La grande rétrospective que le musée d’art moderne de Paris lui consacre montre un artiste en proie à ses obsessions, à ses batailles, reprenant ses thèmes inlassablement. « Dans mon atelier, je vais d’une toile à l’autre, je les abandonne, je les reprends. Souvent, elles me réservent des surprises : ce que j’avais trouvé très mauvais me semble justement très intéressant quelques années plus tard », dit-il encore.
L’exposition est construite par séries, réunissant par exemple ses arbres, ses fleurs, ses poissons, ses marines et paysages, ses réinterprétations de chefs-d’œuvre de la peinture aussi. Dans ses compositions qui peuvent au premier abord apparaître abstraites, le sujet est toujours présent, au centre du tableau même si on ne le distingue plus qu’à peine, qu’on le devine sous les peints et les repeints, sous la touche renouvelée encore et encore de l’artiste. Chez lui, le combat de la figuration face à l’abstraction n’a plus de sens parce qu’au fond, c’est la peinture qui gagne, qui engloutit tout dans sa force possessive, dans une forme de peinture pure que tant d’artistes ont cherché à atteindre avant lui, mais qu’il a réussi à mener à sa plus radicale expression. Si Eugène Leroy est si important, c’est aussi parce qu’il apporte sa pierre à la grande bataille qui a enflammé l’histoire de l’art, celle des partisans du dessin face aux défenseurs de la couleur. Dans ce sens, il n’est pas étonnant que l’artiste se soit penché sur Le concert champêtre hier donné à Giorgione mais aujourd’hui plus couramment attribué à Titien, peintre de la couleur. Les maîtres anciens ont d’ailleurs toujours eu une place particulière dans l’œuvre d’Eugène Leroy et l’exposition en rend compte, avec des œuvres telles que D’après la Ronde de nuit (1990), D’après Jérôme Bosch (La Tentation) (1989-1990), Nativité d’après Van der Goes (1953) ou la plus ancienne La Parabole des aveugles (1943), tableau conservé à La Piscine - Musée d’art et d’industrie André Diligent, à Roubaix. Le peintre reste aussi attaché aux genres traditionnels de la peinture, avec des séries de portraits ou de nus, dans lesquels les corps blancs se confondent avec les fonds, compositions où l’on devine ici un bras, là une chevelure, plus loin un pubis…
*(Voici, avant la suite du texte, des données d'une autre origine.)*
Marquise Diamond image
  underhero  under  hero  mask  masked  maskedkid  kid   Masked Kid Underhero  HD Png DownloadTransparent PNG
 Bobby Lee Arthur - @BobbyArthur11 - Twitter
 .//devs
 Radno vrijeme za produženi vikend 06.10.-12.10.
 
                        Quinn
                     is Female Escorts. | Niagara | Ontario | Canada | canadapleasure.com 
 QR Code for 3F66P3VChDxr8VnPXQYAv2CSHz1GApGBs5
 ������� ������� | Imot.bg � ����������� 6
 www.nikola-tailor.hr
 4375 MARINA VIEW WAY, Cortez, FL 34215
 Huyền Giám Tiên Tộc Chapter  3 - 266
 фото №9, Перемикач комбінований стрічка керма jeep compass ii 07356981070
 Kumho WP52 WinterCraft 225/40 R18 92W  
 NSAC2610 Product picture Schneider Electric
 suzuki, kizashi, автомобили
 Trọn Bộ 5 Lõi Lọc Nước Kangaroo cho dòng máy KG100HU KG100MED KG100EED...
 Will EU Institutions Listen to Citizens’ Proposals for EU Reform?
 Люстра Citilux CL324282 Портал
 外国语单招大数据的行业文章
Peintre à part, Eugène Leroy a été beaucoup soutenu par la galerie Michael Werner, des artistes tels que Georg Baselitz, des critiques d’art comme Denys Zacharopoulos qui apporte son éclairage dans un film consacré au peintre et projeté dans l’exposition, ou Jan Hoet, emblématique directeur du musée d’art contemporain de Gand qui l’exposera à la Documenta IX à Cassel en 1992.
Le musée d’art moderne de Paris avait invité l’artiste à exposer de son vivant, en 1988. L’institution a au cours des années constitué un bel ensemble de ses œuvres, grâce à des acquisitions et des donations, riche de quarante-huit peintures et dessins, la collection la plus importante en France. Il était donc tout naturel qu’elle lui consacre cette rétrospective qui vient magistralement confirmer la place de ce trop discret grand peintre.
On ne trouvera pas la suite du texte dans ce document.